As discussions around a nationwide vehicle miles traveled fee heat up, a persistent complaint is that rural and low-income drivers would be adversely affected by a per-mile fee. The belief is that rural residents do not have access to public transportation systems and tend to drive longer distances than urban residents. This belief also claims low-income vehicle owners can’t afford more taxes. So, would these drivers pay more money under a road usage charge program?
To answer this question, let’s look at some basic facts:
- Vehicle owners already pay a per-mile fee in the form of a gas tax. Everyone pays money per gallon of fuel, and every gas-fueled vehicle burns some amount of gas per mile. The per-gallon tax amount varies from state to state and, when calculated into a per-mile fee, the cost depends on each vehicle’s fuel-efficiency. A hybrid vehicle, for example, pays less fuel tax per mile than a gas-guzzling, older model vehicle. Either way, the more you drive, the more you pay in fuel tax.

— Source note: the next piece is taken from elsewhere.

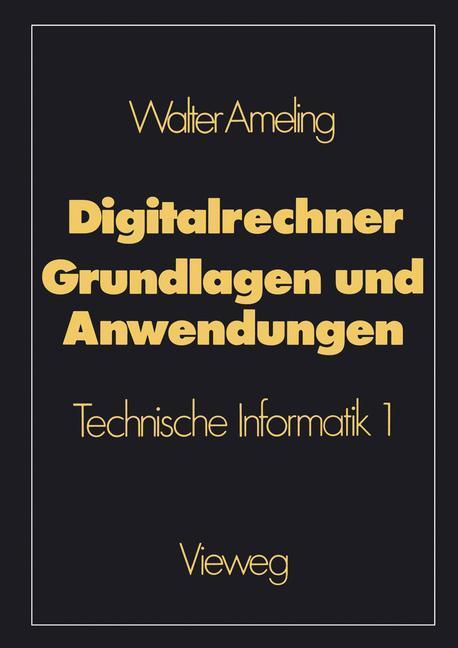Cover: 9783528063726 | Digitalrechner ¿ Grundlagen und Anwendungen | Technische Informatik 1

- Road usage charges are not a "double tax.” Road usage charging systems automatically credit drivers any fuel tax paid at the pump. Drivers do not pay both per-gallon taxes and per-mile fees. Road usage charges are an alternative to the gas tax as opposed to an addition to it, and they are equitable to highly fuel-efficient and electrical vehicles which incur little or no gas taxes.
- Low-income drivers typically drive older, less fuel-efficient vehicles. This means they buy more gas and, in turn, receive more fuel tax credit; therefore, the impact of road usage charges is negligible. In general, only more affluent individuals drive hybrid and electric vehicles, which means higher-income drivers operating these vehicles would contribute their fair share for wear and tear on the roads under a road usage charge program.

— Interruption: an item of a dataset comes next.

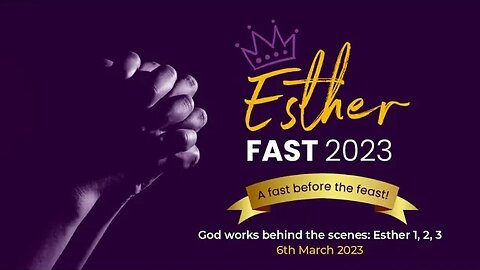 God works behind the scenes: Esther 1, 2, 3 | 6th March 2023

- Rural residents do not drive more miles than urban drivers. Studies on potential impacts of switching to a road usage charge found that rural residents drive longer distances than urban residents, but they also make fewer trips. Drivers in rural areas are paying more in fuel taxes than urban drivers in similar vehicles. A per-mile fee would alleviate this disparity.
- The gas tax has become an arbitrary, “some users pay/all users benefit” model. Rural drivers generally own less fuel-efficient vehicles and spend more money on gas and gas tax—unfairly shouldering them with a higher percentage of highway funding under a fuel-based taxation system. The unfairness problem is compounded by the fact that more affluent drivers (generally speaking, urban drivers who own electric and hybrid vehicles) pay little to no gas tax.
In the end, a mileage-based user fee is a more fair, equitable funding mechanism for all drivers. Neither rural drivers nor low-income drivers would be financially burdened. In fact, most rural drivers would pay slightly less than they do in current fuel taxes, and all households would notice only a negligible difference in monthly expenses.
Modern transportation is growing increasingly electric and the fuel tax no longer makes sense in the long term. As President Ronald Reagan once said about the federal fuel user fee (a.k.a. “gas tax”) in 1982, “Good tax policy decrees that, wherever possible, a fee for a service should be assessed against those who directly benefit from that service.” The gasoline tax was the user fee at that time nearly 40 years ago. Today’s technology calls for a new model. It’s time to make the shift to a mileage-based user fee.